What the task requires: Retype each entry below exactly as it stands.

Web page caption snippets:
++++++++
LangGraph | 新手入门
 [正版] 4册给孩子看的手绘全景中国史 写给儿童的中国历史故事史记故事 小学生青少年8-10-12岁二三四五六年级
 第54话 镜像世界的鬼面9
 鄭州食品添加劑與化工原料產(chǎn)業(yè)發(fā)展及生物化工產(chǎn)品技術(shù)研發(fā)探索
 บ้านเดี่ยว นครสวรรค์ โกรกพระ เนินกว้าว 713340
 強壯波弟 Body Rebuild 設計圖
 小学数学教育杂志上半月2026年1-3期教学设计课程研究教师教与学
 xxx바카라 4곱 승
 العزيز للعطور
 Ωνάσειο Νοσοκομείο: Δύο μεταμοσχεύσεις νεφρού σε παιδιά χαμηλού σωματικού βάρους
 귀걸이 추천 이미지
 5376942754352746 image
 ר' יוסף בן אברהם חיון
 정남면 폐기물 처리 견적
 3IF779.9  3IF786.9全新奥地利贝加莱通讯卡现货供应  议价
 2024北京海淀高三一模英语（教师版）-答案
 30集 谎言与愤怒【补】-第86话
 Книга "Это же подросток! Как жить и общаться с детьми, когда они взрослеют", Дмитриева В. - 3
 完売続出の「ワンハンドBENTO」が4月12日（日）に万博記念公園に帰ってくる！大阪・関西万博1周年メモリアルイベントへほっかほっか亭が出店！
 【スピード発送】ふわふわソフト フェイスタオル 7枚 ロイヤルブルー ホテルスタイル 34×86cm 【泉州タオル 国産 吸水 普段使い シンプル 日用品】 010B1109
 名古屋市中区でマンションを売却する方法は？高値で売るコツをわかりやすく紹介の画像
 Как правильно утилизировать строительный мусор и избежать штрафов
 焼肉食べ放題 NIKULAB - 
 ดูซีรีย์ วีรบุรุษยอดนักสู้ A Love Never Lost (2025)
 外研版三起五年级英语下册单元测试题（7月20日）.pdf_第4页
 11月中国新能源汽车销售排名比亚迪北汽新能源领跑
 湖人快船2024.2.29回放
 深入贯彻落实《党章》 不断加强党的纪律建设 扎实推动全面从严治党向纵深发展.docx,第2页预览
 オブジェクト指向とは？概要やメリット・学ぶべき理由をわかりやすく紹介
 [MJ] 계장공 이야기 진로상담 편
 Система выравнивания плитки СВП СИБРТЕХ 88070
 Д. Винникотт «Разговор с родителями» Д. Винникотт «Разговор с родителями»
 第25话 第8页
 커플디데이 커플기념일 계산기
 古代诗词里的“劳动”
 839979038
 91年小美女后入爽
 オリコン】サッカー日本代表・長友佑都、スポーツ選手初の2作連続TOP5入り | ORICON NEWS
++++++++
Your response:
LangGraph | 新手入门
 [正版] 4册给孩子看的手绘全景中国史 写给儿童的中国历史故事史记故事 小学生青少年8-10-12岁二三四五六年级
 第54话 镜像世界的鬼面9
 鄭州食品添加劑與化工原料產(chǎn)業(yè)發(fā)展及生物化工產(chǎn)品技術(shù)研發(fā)探索
 บ้านเดี่ยว นครสวรรค์ โกรกพระ เนินกว้าว 713340
 強壯波弟 Body Rebuild 設計圖
 小学数学教育杂志上半月2026年1-3期教学设计课程研究教师教与学
 xxx바카라 4곱 승
 العزيز للعطور
 Ωνάσειο Νοσοκομείο: Δύο μεταμοσχεύσεις νεφρού σε παιδιά χαμηλού σωματικού βάρους
 귀걸이 추천 이미지
 5376942754352746 image
 ר' יוסף בן אברהם חיון
 정남면 폐기물 처리 견적
 3IF779.9  3IF786.9全新奥地利贝加莱通讯卡现货供应  议价
 2024北京海淀高三一模英语（教师版）-答案
 30集 谎言与愤怒【补】-第86话
 Книга "Это же подросток! Как жить и общаться с детьми, когда они взрослеют", Дмитриева В. - 3
 完売続出の「ワンハンドBENTO」が4月12日（日）に万博記念公園に帰ってくる！大阪・関西万博1周年メモリアルイベントへほっかほっか亭が出店！
 【スピード発送】ふわふわソフト フェイスタオル 7枚 ロイヤルブルー ホテルスタイル 34×86cm 【泉州タオル 国産 吸水 普段使い シンプル 日用品】 010B1109
 名古屋市中区でマンションを売却する方法は？高値で売るコツをわかりやすく紹介の画像
 Как правильно утилизировать строительный мусор и избежать штрафов
 焼肉食べ放題 NIKULAB - 
 ดูซีรีย์ วีรบุรุษยอดนักสู้ A Love Never Lost (2025)
 外研版三起五年级英语下册单元测试题（7月20日）.pdf_第4页
 11月中国新能源汽车销售排名比亚迪北汽新能源领跑
 湖人快船2024.2.29回放
 深入贯彻落实《党章》 不断加强党的纪律建设 扎实推动全面从严治党向纵深发展.docx,第2页预览
 オブジェクト指向とは？概要やメリット・学ぶべき理由をわかりやすく紹介
 [MJ] 계장공 이야기 진로상담 편
 Система выравнивания плитки СВП СИБРТЕХ 88070
 Д. Винникотт «Разговор с родителями» Д. Винникотт «Разговор с родителями»
 第25话 第8页
 커플디데이 커플기념일 계산기
 古代诗词里的“劳动”
 839979038
 91年小美女后入爽
 オリコン】サッカー日本代表・長友佑都、スポーツ選手初の2作連続TOP5入り | ORICON NEWS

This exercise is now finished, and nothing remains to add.